All of these questions are too big to be ignored by the food movement. They are too big to be ignored by food studies. This is the reason why on February 3 and 4, a group of researchers, professors, students, and activists, gathered at the University of California, Santa Cruz, for a day-long conference entitled Labor Across the Food the System.

The conference started with a keynote lecture by California historian Frank Bardacke who laid the tone for the conference by giving a compelling account of his experience as a farm worker in the Salinas Valley during the seventies. His vivid description of struggling to learn the complex craft of working the fields as a lechuguero (lettuce picker) and an apiero (celery picker) emphasized the historical undervalue given to the “keenness of the eye and cunning of the hand” required to work with the uneven and unpredictable nature of a living vegetable. Bardacke concluded by pointing that the problems with our agricultural system will not be fixed until the industry acknowledges that inexperienced and unskilled workers cannot maintain productivity and profitability. An example that proves his point is the fact that the state of Georgia lost several crops last year after strict anti-immigrant laws caused an exodus of skilled farm workers.

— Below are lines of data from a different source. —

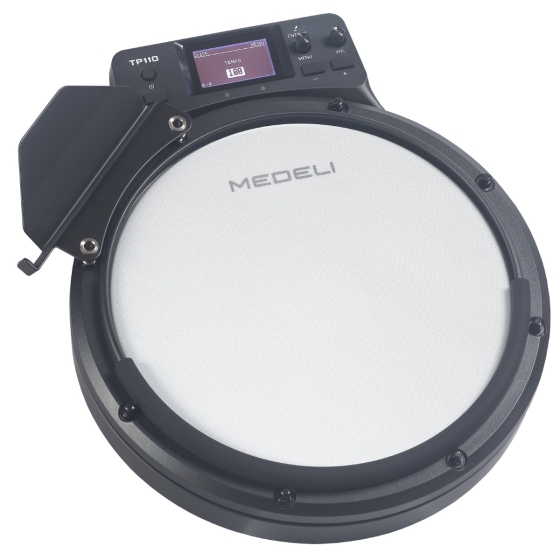 Medeli Digital Drum Pad. TP110. Mesh Head. Bluetooth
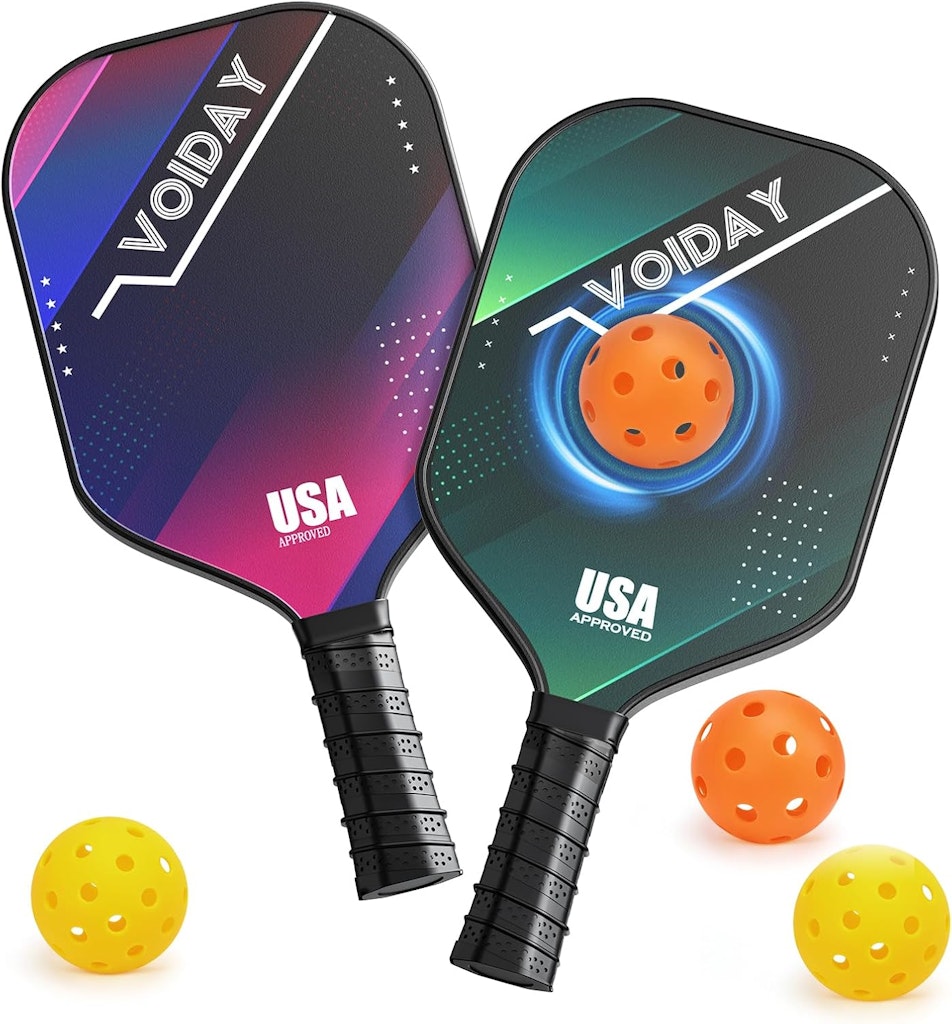 Fiberglass Pickle Ball Paddle Set: $32 Fiberglass Pickle Ball Paddle Set: $32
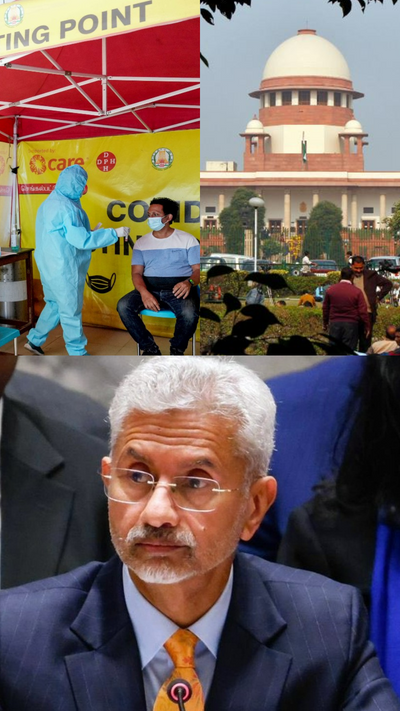 Top national news developments of the day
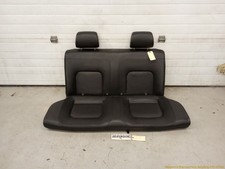Volkswagen Vw Beetle Complete Rear Leather Seat Black Fits 2006-2010 06 07 08 09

Screen shot from the opening remarks by Steve McKay from the Center for Labor Studies, UCSC

After such a poignant opening to the conference the following four panels that took place all day on Saturday showed specific examples of struggles and successes to achieve better work conditions throughout the food system. Noteworthy speakers included Lucas Benitez from the Coalition of Immokalee Workers, Mónica Ramírez from the Southern Poverty Law Center, Deborah Barndt from York University, Carolina Bank Muñoz from the Department of Sociology at Brooklyn College CUNY, Saru Jayaraman co-director of The Restaurant Opportunities Center United. These and all of the other speakers and organizations present at this conference are valuable sources for any Gastronomy student, especially if you are taking Dr. Counihan’s Food Activism or Dr. Messer’s Food Policy classes. Every panel was perfectly tied together and if anybody wants more details I can happily share notes.

The speaker for the wrap-up lecture was Eric Holt-Giménez, executive director of the Food First Institute for Food and Development Policy. His talk tried to break down the myth that the global food system is ‘broken’: regardless of the global food crises of 2008 and 2011 the major food corporations continue to report record food profits every year. This means that the system works perfectly fine to protect the interests of the corporate industrial food complex. Holt-Giménez observes that the food movement is stuck in a bubble; it ignores other movements, mainly the labor movement and social justice movements. His recently edited book Food Movements Unite! shows the idea that the diversity of different social movements should be used as a weapon to bring systematic change. This change must come through the re-politization of social movements. This call to action resonates with the previous speakers who emphasized the need to bridge the gap between academic research and activism.